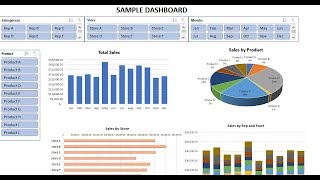 How to Create Dashboards in Excel [upl. by Ardnat]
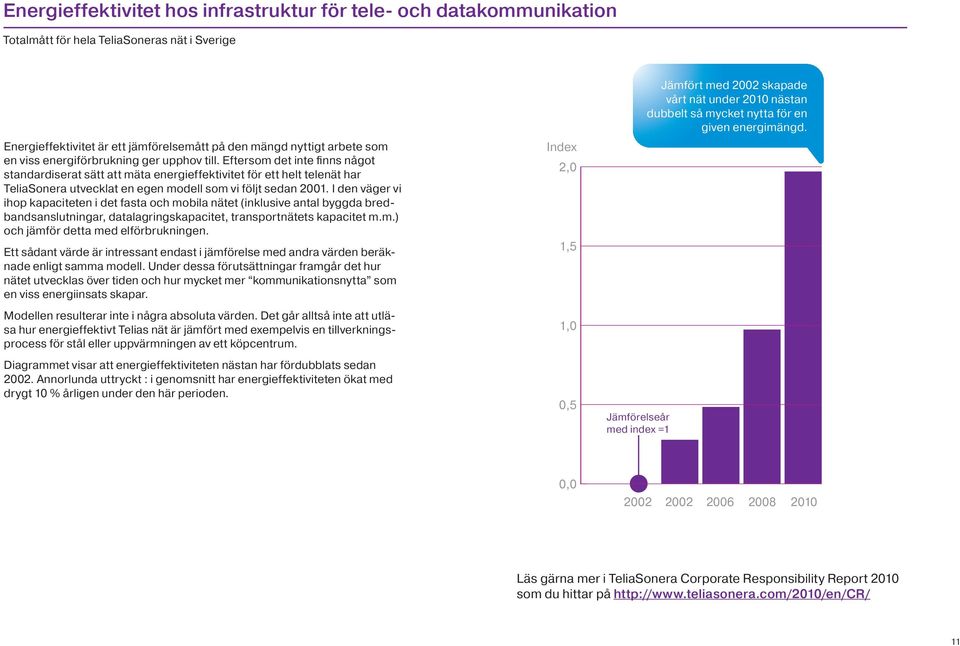 I den väger vi ihop kapaciteten i det fasta och mobila nätet (inklusive antal byggda bredbandsanslutningar, datalagringskapacitet, transportnätets kapacitet m.m.) och jämför detta med elförbrukningen.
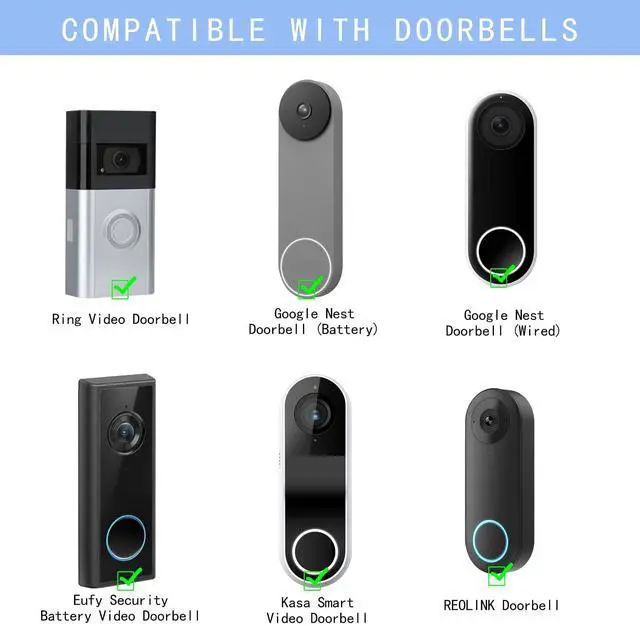 Alt view image 3 of 7 - 24V Transformer Doorbell Power Adapter Compatible with Google Nest,Wyze,Eufy Video Doorbells, C Wire Adapter 16.4ft/5m Extension Cable Doorbell Power Adapter Doorbell Supply Cord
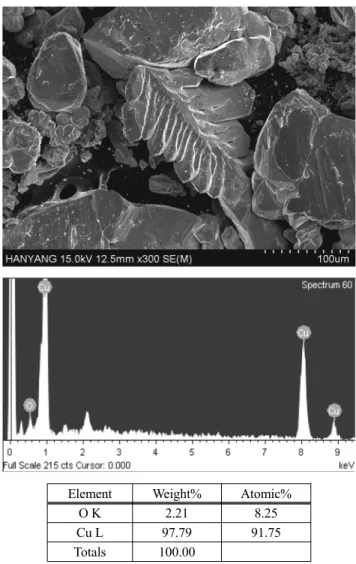 Figure 4. Analysis result of deposited copper by SEM EDAX.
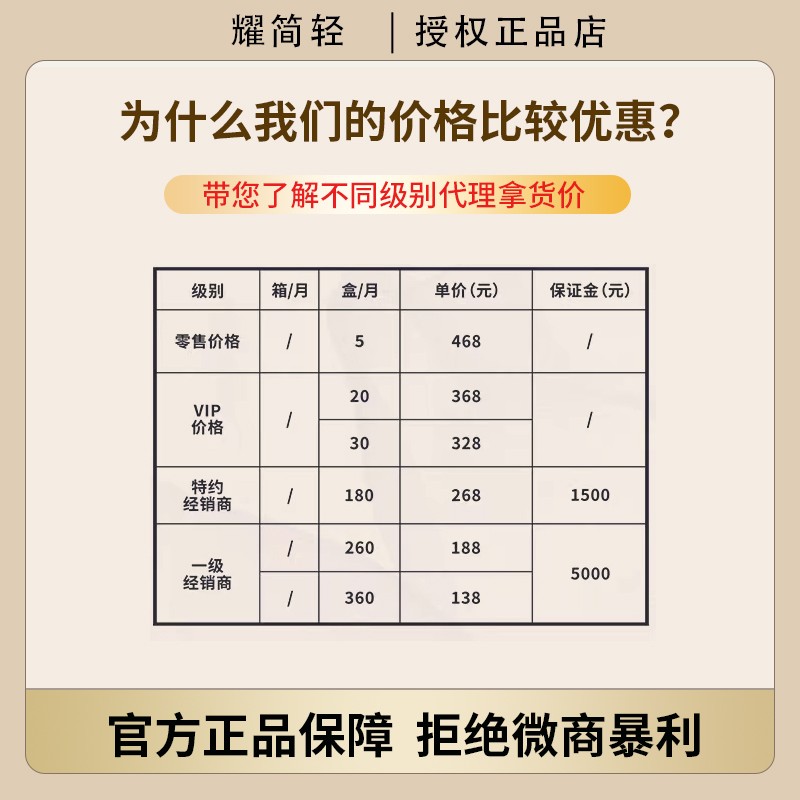 耀简轻耀轻享燃奶茶官方正品旗舰店减拜拜油燃ka能量伴侣奶咖果冻-图1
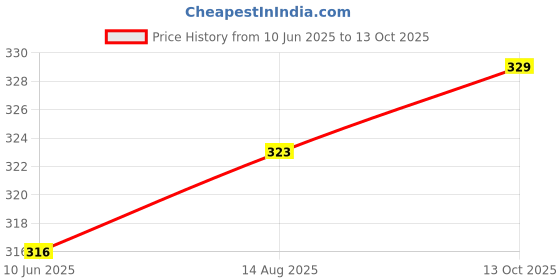 meesho.com Trendy Idols & figurines Price History Graph from 10 Jun 2025 to 13 Oct 2025
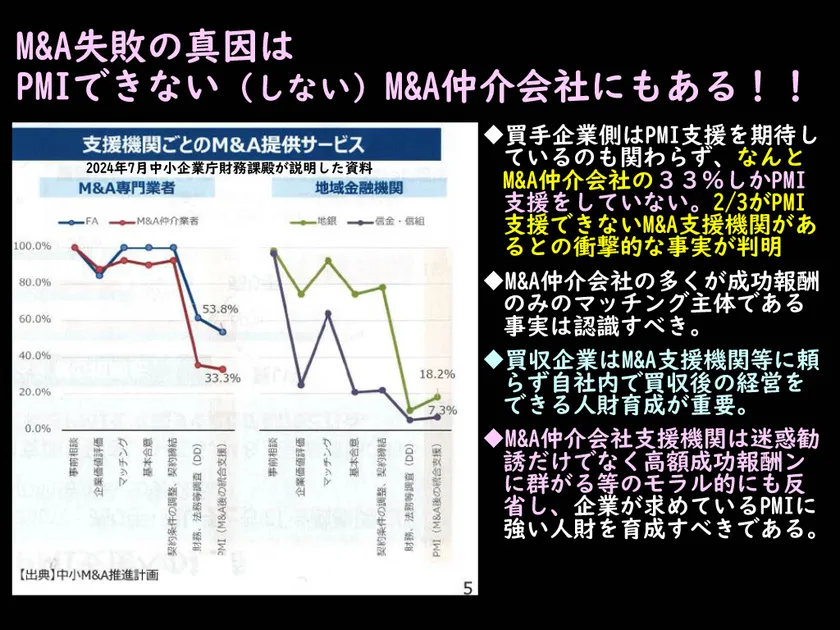 M&A失敗の要因はPMIできない(しない)M&A仲介会社にある!!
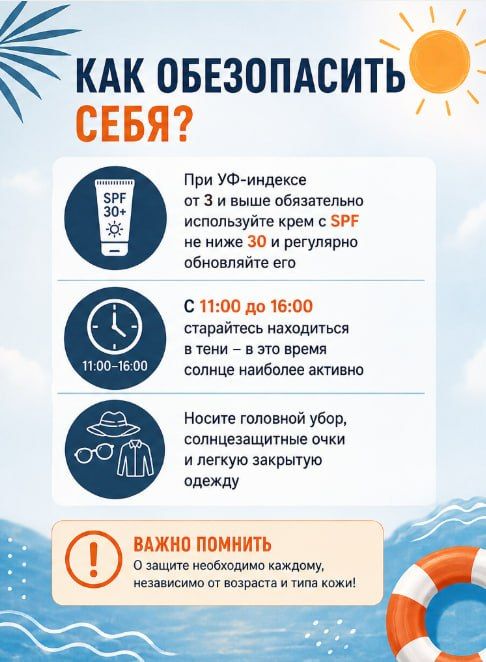 Салехардцам напомнили правила безопасного солнечного загара Салехардцам напомнили правила безопасного солнечного загара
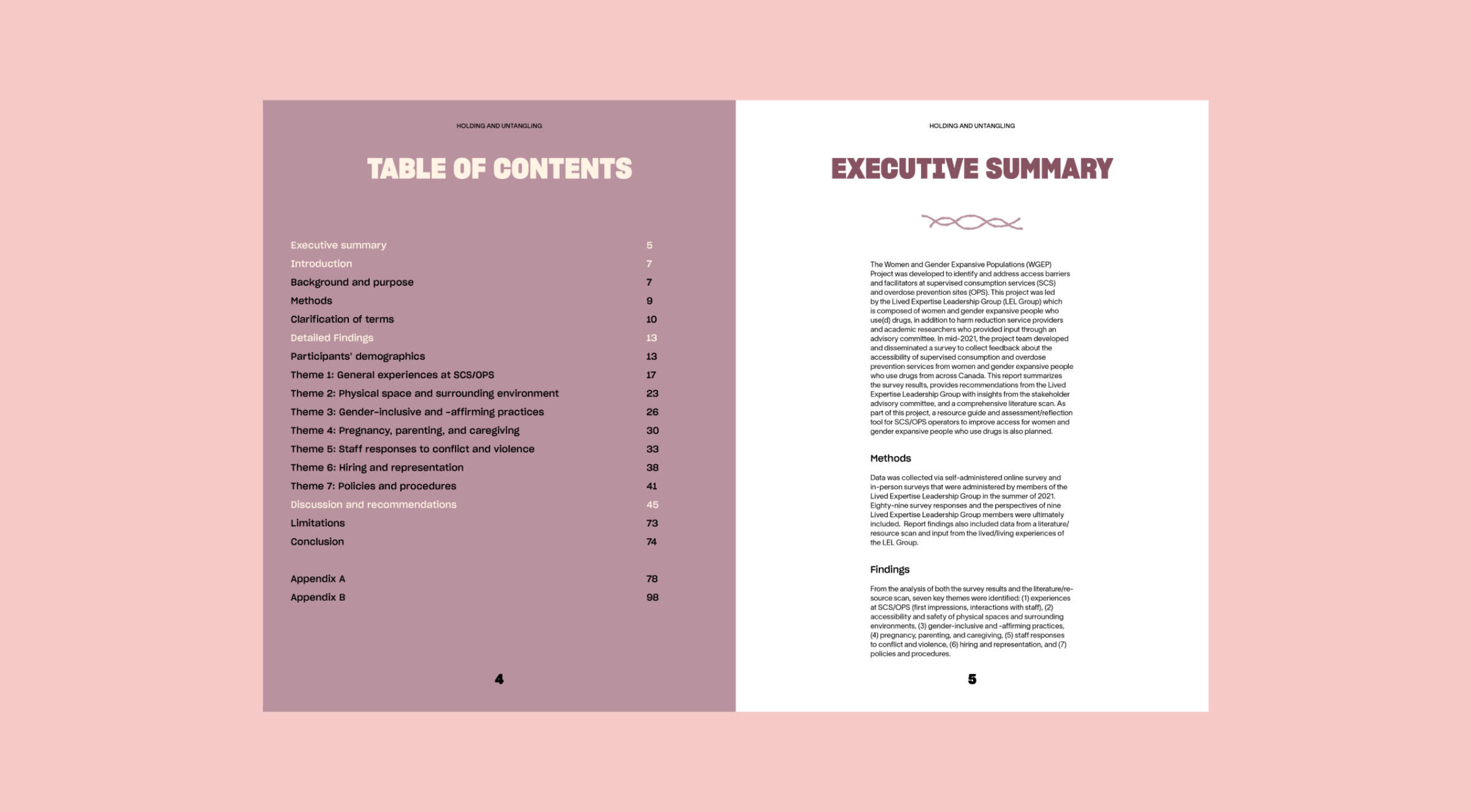 An open book spread on a pink background. The left page is titled "Table of Contents" and lists various sections and their corresponding page numbers. The right page is titled "Executive Summary" and contains paragraphs of text detailing the report's overview.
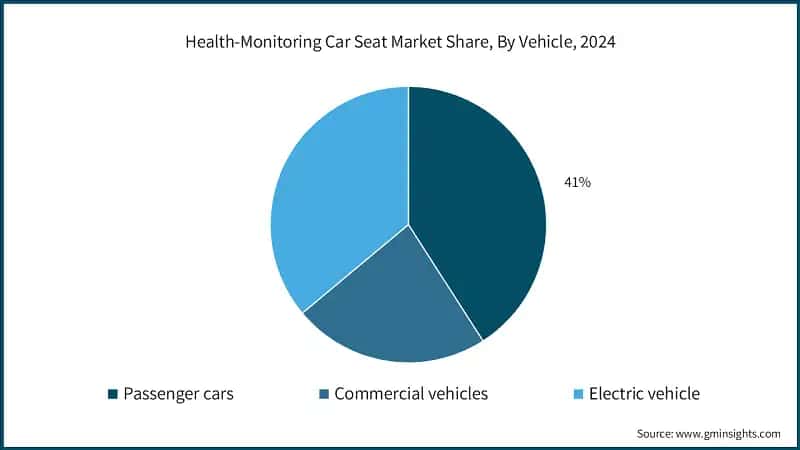 Health-Monitoring Car Seat Market Share, By Vehicle, 2024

__WHAT YOU HAVE TO DO__. Taking the entries above, extract every line from the one bearing "солнечного загара Салехардцам" through the one bearing "An open book", exactly, with no pictures.

__RESULT FOR THIS TASK__.
 Салехардцам напомнили правила безопасного солнечного загара Салехардцам напомнили правила безопасного солнечного загара
 An open book spread on a pink background. The left page is titled "Table of Contents" and lists various sections and their corresponding page numbers. The right page is titled "Executive Summary" and contains paragraphs of text detailing the report's overview.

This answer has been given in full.